**What is being asked**:
For this exercise, write out the full listing that follows exactly and skip its pictures.

**Material shown**:

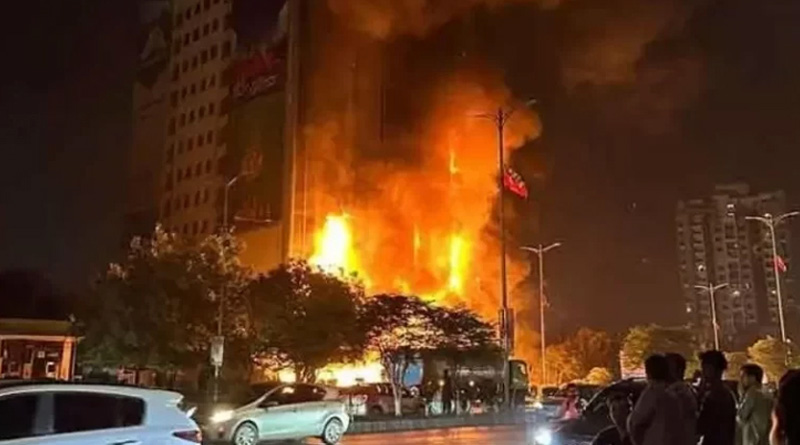 করাচিতে বাণিজ্যিক ভবনে আগুন, নিহত ১০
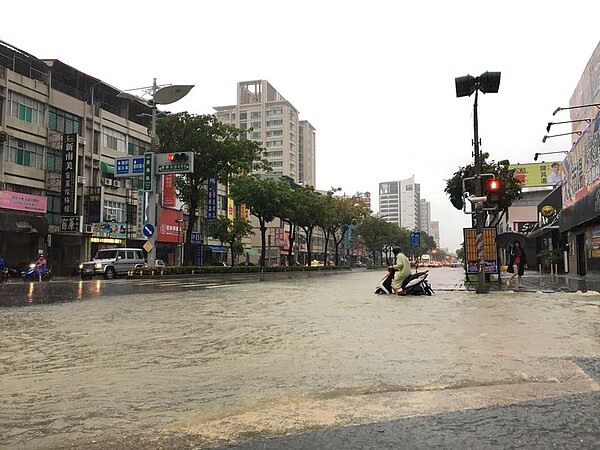 é«éæ·¹æ°´ãï¼åæ·åèªé«éä»£çå¸é·è¨±ç«æèæ¸ï¼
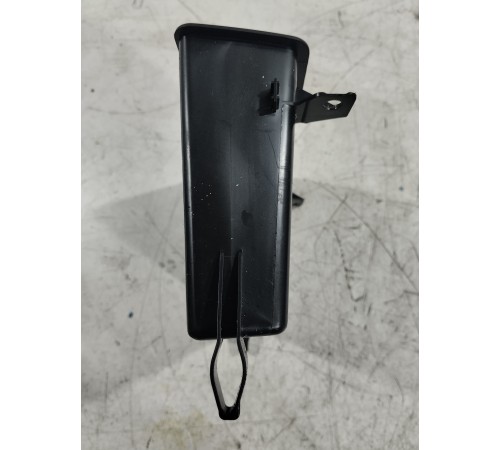 Бардачок (малый) отсек для мелочи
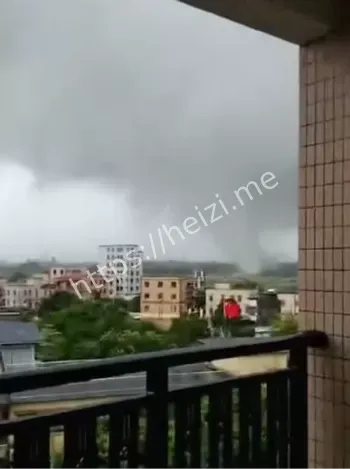 龙卷风自救与避险步骤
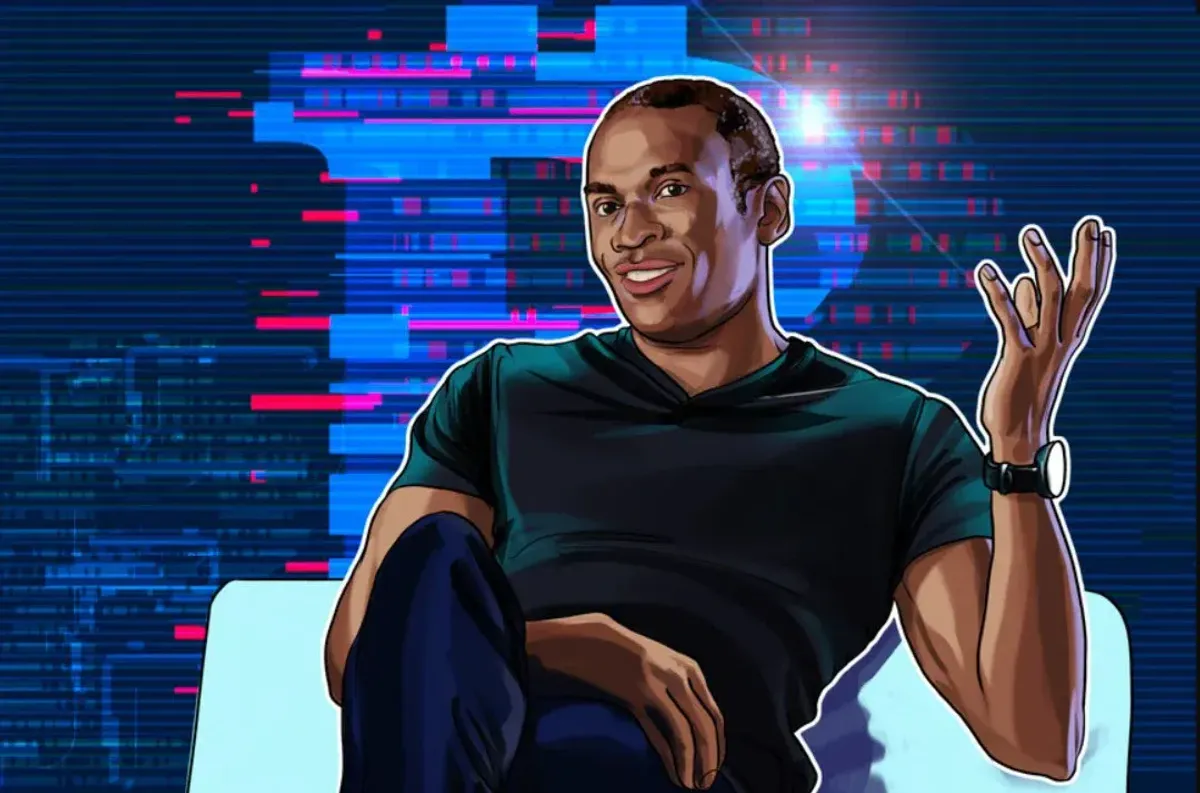 Arthur Hayes espera Fed mais brando e compra Bitcoin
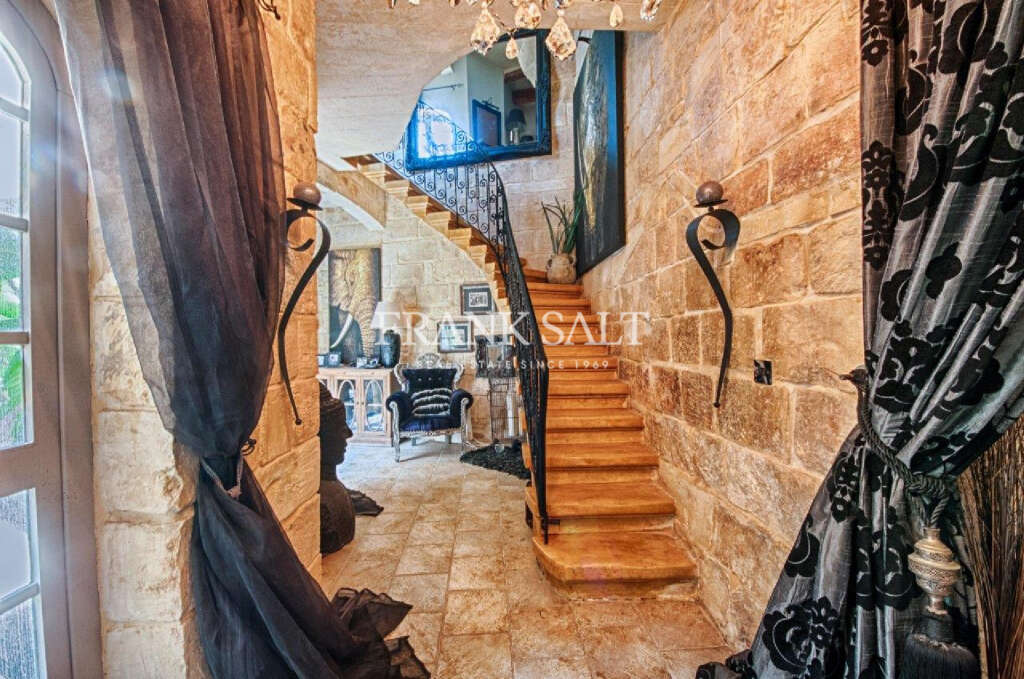 2 Bed, HouseFor Sale, Lija, Malta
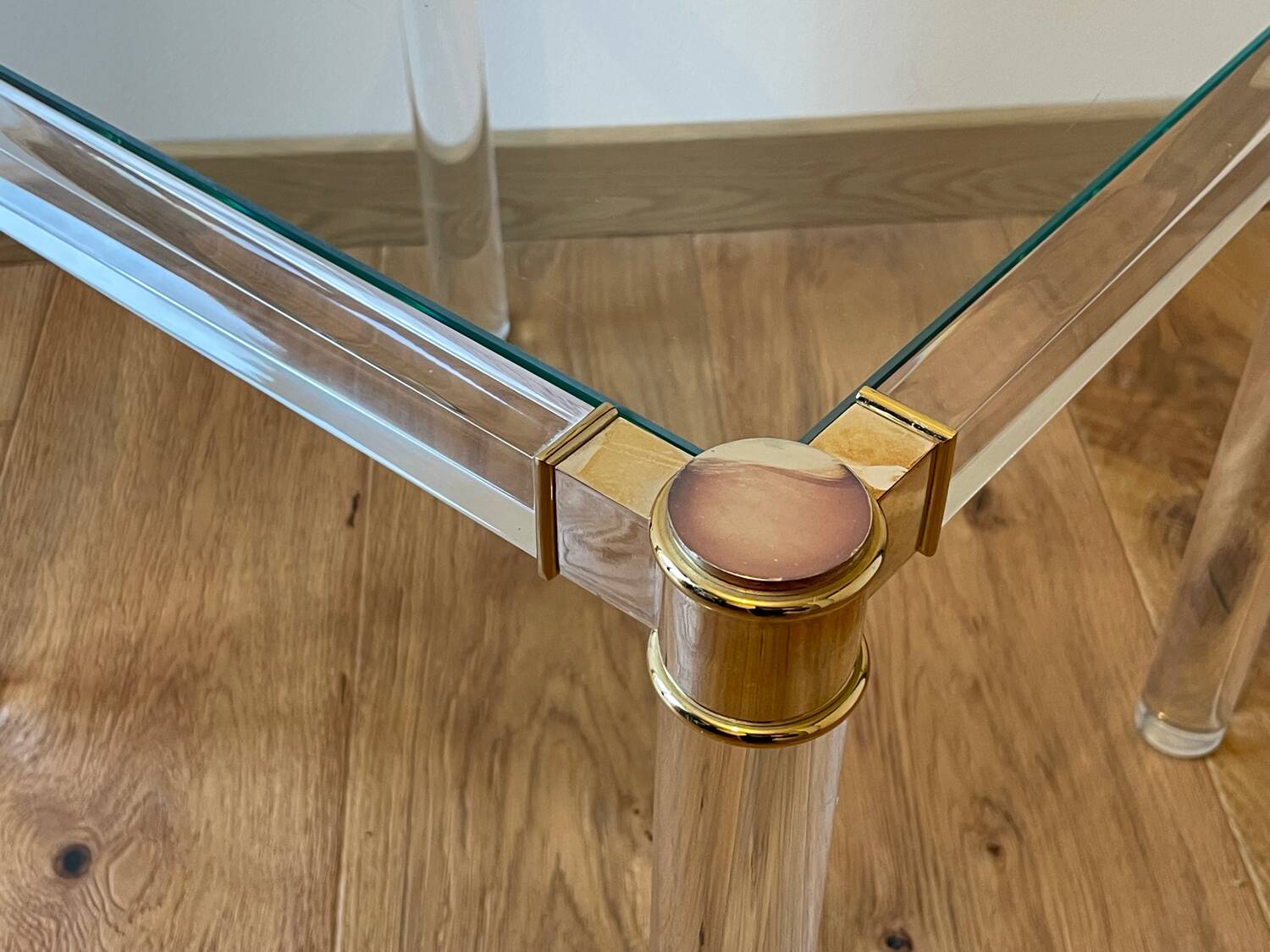 Bedside table, end table in plexiglass and glass, 1970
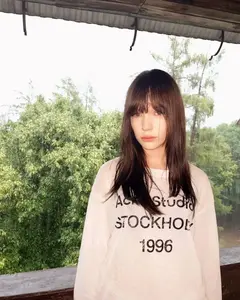 nadia 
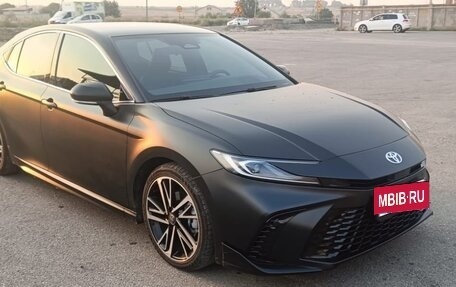 Toyota Camry, 2024 год, 3 580 000 рублей, 2 фотография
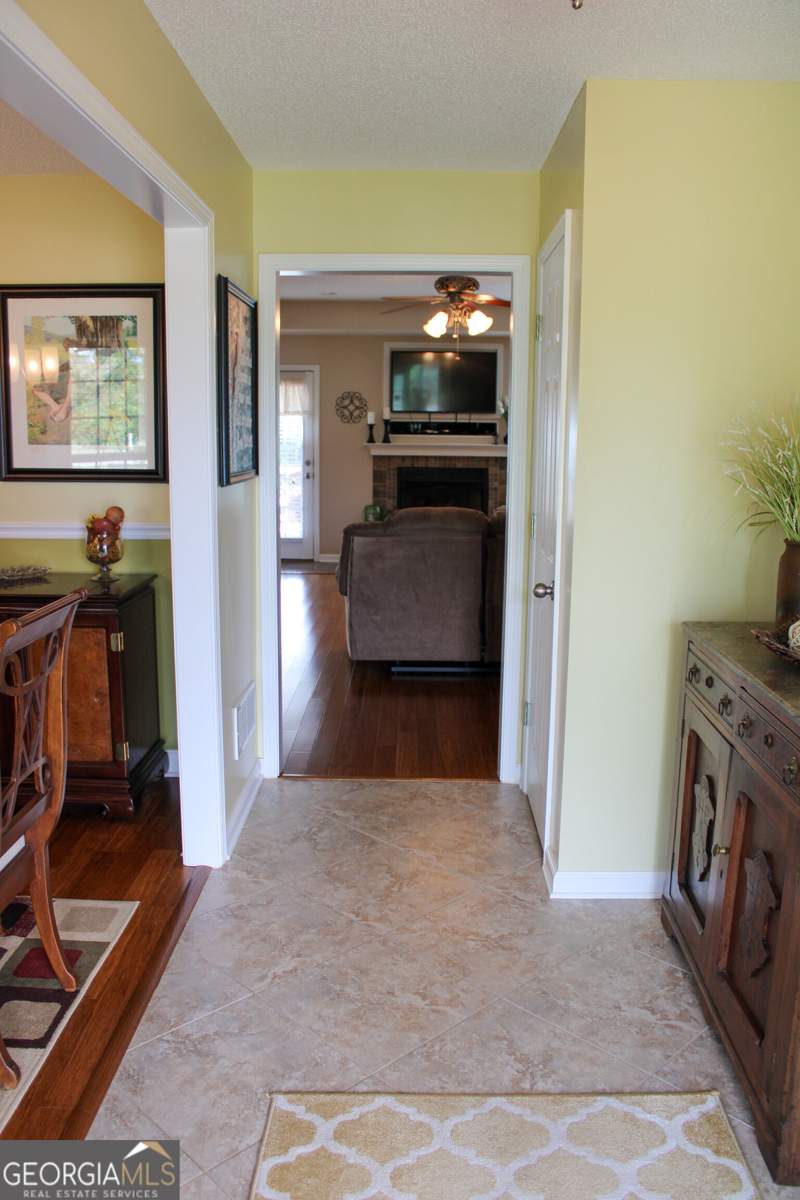 3 bedroom Single Family Residence at 100 Laketrail Drive, Huguley Dairy, Griffin — photo 3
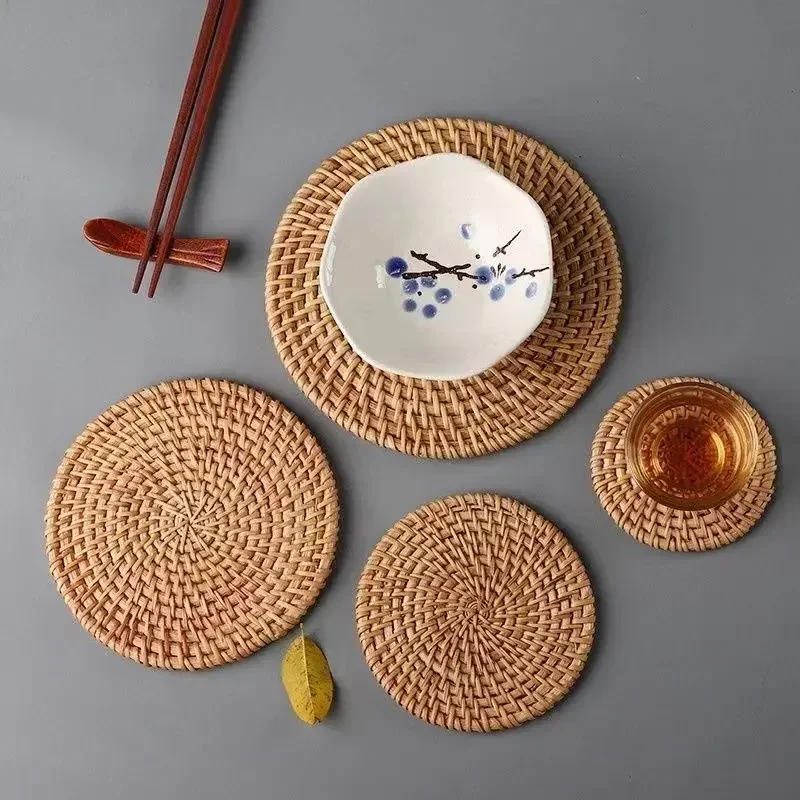 Outdoor Furniture Cafe - Tappetini da tavolo isolati in Rattan
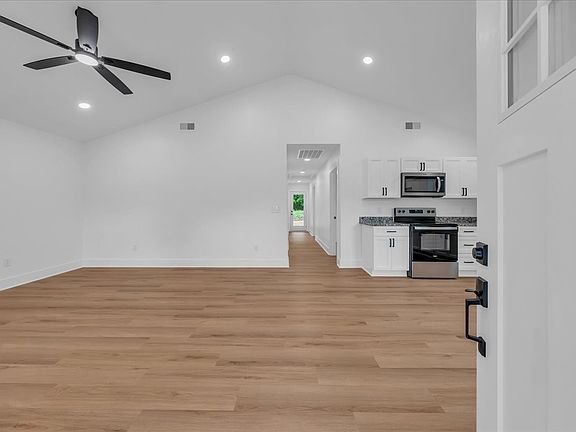 3rd image of 900 E Decherd St
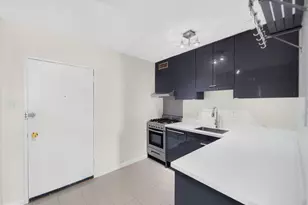 300 M St SW, Washington, DC 20024 - Photo 14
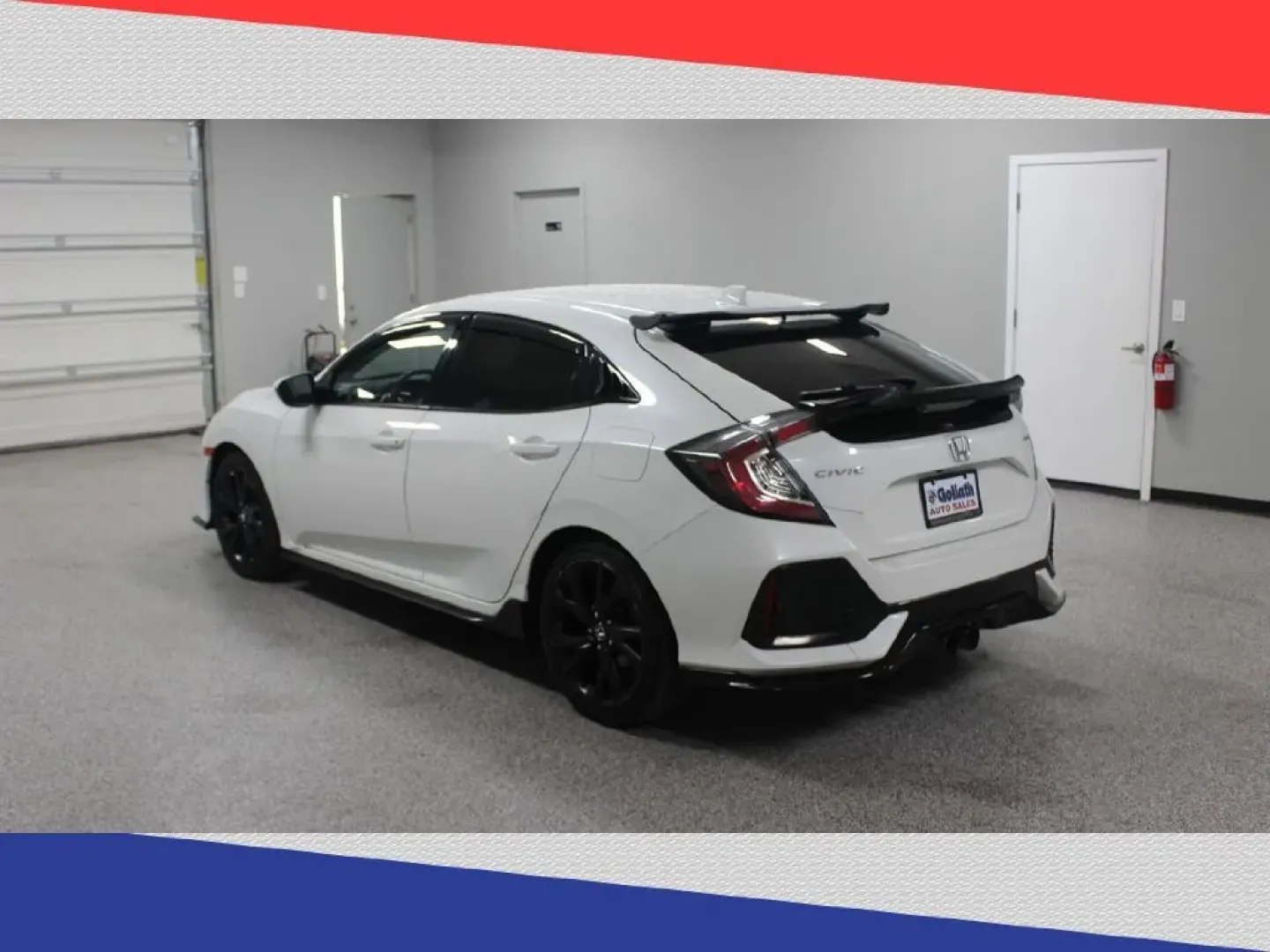 2017 Honda Civic Sport CVT (SHHFK7H48HU) with an 2.0L L4 DOHC 16V TURBO engine, CVT transmission, located at 5170 N La Cholla Blvd, Tucson, AZ, 85705, (520) 989-0282, 32.228245, -111.011742 - **Discover Your Perfect Daily Companion: 2017 Honda Civic Hatchback at Goliath Auto Sales**<br /> <br /> Are you searching for an affordable used car that blends style, efficiency, and versatility? Look no further than this **2017 Honda Civic Hatchback**, now available at **Goliath Auto Sales** in * - Photo#4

**Answer for this exercise**:
 করাচিতে বাণিজ্যিক ভবনে আগুন, নিহত ১০
 é«éæ·¹æ°´ãï¼åæ·åèªé«éä»£çå¸é·è¨±ç«æèæ¸ï¼
 Бардачок (малый) отсек для мелочи
 龙卷风自救与避险步骤
 Arthur Hayes espera Fed mais brando e compra Bitcoin
 2 Bed, HouseFor Sale, Lija, Malta
 Bedside table, end table in plexiglass and glass, 1970
 nadia 
 Toyota Camry, 2024 год, 3 580 000 рублей, 2 фотография
 3 bedroom Single Family Residence at 100 Laketrail Drive, Huguley Dairy, Griffin — photo 3
 Outdoor Furniture Cafe - Tappetini da tavolo isolati in Rattan
 3rd image of 900 E Decherd St
 300 M St SW, Washington, DC 20024 - Photo 14
 2017 Honda Civic Sport CVT (SHHFK7H48HU) with an 2.0L L4 DOHC 16V TURBO engine, CVT transmission, located at 5170 N La Cholla Blvd, Tucson, AZ, 85705, (520) 989-0282, 32.228245, -111.011742 - **Discover Your Perfect Daily Companion: 2017 Honda Civic Hatchback at Goliath Auto Sales**<br /> <br /> Are you searching for an affordable used car that blends style, efficiency, and versatility? Look no further than this **2017 Honda Civic Hatchback**, now available at **Goliath Auto Sales** in * - Photo#4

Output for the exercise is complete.